I’ve answered this repeatedly. Do you know of anyone who actually believes that at the end of this Israeli attack, there will be no more Hamas, or no more rockets? The only military solution to the rocket attacks is total annihilation of the residents of Gaza and a complete flattening of their cities. If Israel were to do that, what possible objections would those here be able to make who are arguing that “proportionality” has no role to play in restricting the means used to fight justifiable wars? Terrorism ends when the causes of it are addressed, typically via diplomatic means. That’s what history proves. [Editor’s note: But cf. Israel’s successful counter-terrorism operations in the West Bank in the 2000s, among other examples.]

Putting aside the obvious strawmen (no one was arguing that there would “be no more Hamas,” or not a single rocket), what history has shown is that 3,000 rockets, missiles, and mortars landed in Israel in 2008 before the Gaza incursion, and that includes a lengthy cease-fire period. Since the end of the Gaza incursion, only about 200 projectiles have fallen in Israel from Gaza, and, I believe, none have caused physical injuries.
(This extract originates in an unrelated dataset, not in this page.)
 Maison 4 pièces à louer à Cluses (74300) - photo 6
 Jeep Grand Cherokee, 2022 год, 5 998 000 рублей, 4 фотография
Other commentators (but not Greenwald) have acknowledged that they were wrong about the efficacy of Israel’s military action.

But let’s repeat the initial point: Greenwald thinks that ANY military action that Israel may take against Hamas is illegitimate, and that Israel’s only proper response to whatever violence Hamas unleashes is diplomacy. If Hamas decides to adhere to its stated policy that its goal is the destruction of Israel and the exile of its inhabitants, and acts accordingly, Israel’s only resort is apparently to surrender.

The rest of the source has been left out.